Very respectfully, your obedient servant,

R. C. DRUM,

Assistant Adjutant-General.

FORT TEJON, CAL., December 16, 1863.

Colonel R. C. DRUM, U. S. Army,

Assistant Adjutant-General, San Francisco, Cal.:

COLONEL: I beg leave to state that according to your instructions I left this post about the 23rd day of November, 1863, and proceeded as far as Bishop Creek, Owen's River Valley, about fifty miles above Camp Independence. The valley is fast filling up with settelrs and miners, and no fear is entertained of Indians as far up as Bishop Creek, which is the highest settlement in the valley. There the people are very uneasy, and fear to travel to and from Aurora, from whence their supplies are obtained.

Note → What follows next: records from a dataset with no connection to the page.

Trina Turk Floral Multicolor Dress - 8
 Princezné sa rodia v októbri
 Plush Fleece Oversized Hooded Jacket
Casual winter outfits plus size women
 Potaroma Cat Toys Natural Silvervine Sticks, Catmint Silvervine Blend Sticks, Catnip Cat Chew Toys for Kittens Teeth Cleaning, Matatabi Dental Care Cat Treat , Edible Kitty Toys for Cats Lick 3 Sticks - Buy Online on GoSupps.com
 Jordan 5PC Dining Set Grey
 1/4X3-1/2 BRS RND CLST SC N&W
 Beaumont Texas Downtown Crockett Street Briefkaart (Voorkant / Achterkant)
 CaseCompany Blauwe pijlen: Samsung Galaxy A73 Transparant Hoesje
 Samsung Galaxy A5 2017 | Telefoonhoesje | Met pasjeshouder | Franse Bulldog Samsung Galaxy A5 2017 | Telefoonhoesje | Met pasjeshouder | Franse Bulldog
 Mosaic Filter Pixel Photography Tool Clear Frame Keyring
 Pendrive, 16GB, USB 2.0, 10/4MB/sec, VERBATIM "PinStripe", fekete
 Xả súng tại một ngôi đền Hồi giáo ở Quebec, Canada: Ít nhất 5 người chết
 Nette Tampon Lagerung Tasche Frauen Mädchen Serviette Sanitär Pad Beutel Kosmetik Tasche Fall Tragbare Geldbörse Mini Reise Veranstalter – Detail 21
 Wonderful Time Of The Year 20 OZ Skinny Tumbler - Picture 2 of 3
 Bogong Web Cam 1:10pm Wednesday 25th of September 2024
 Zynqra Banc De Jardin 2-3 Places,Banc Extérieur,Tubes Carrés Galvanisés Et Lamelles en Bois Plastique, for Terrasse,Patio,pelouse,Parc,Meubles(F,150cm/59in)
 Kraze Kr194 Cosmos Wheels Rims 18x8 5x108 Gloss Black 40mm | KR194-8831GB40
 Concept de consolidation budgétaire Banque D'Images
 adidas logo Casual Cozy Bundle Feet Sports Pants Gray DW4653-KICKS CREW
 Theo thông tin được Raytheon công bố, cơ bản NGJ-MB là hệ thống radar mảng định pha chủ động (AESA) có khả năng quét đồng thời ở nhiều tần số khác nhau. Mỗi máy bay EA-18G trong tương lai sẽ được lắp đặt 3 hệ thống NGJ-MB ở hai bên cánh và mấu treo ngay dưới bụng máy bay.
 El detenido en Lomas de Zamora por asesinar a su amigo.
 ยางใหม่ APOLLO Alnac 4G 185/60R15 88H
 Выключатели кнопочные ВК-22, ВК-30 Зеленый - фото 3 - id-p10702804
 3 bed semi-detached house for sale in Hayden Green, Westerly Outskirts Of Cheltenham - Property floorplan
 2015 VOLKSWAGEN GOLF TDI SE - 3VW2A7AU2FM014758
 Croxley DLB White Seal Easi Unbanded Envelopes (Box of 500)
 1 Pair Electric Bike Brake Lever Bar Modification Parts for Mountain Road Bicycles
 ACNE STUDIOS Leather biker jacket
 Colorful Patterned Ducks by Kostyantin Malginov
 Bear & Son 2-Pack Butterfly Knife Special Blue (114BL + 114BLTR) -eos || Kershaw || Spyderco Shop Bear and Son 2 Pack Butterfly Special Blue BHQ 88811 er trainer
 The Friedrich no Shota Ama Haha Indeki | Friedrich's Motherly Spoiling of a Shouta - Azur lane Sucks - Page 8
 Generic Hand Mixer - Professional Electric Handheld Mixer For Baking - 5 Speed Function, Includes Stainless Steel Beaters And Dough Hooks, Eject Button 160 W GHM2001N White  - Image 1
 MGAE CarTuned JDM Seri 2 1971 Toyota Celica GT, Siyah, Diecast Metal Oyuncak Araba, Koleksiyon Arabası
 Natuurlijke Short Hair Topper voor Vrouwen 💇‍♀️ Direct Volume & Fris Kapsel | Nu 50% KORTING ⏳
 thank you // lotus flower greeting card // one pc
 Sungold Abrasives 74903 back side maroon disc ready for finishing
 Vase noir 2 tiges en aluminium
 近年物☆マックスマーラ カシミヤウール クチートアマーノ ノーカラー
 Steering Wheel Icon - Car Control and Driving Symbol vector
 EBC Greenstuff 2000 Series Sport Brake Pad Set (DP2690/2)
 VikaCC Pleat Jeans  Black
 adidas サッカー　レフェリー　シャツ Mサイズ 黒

I would therefore respectfully recommend that so soon as the grass is sufficiently good that a force be sent into the valley to be stationed between Bishop Creek and Aurora, where the greater portion of the indians supposed to be now in the valley are congregated. The weather in the valley is very cokd, and the trip was very severe, being obliged to sleep in the open air. The troops stationed on Kern River I ordered to Fort Tejon, where they arrived to-day, via Walker's Basin. Forage necessary for the horses belonging to both companies I do not believe can be obtained at this post.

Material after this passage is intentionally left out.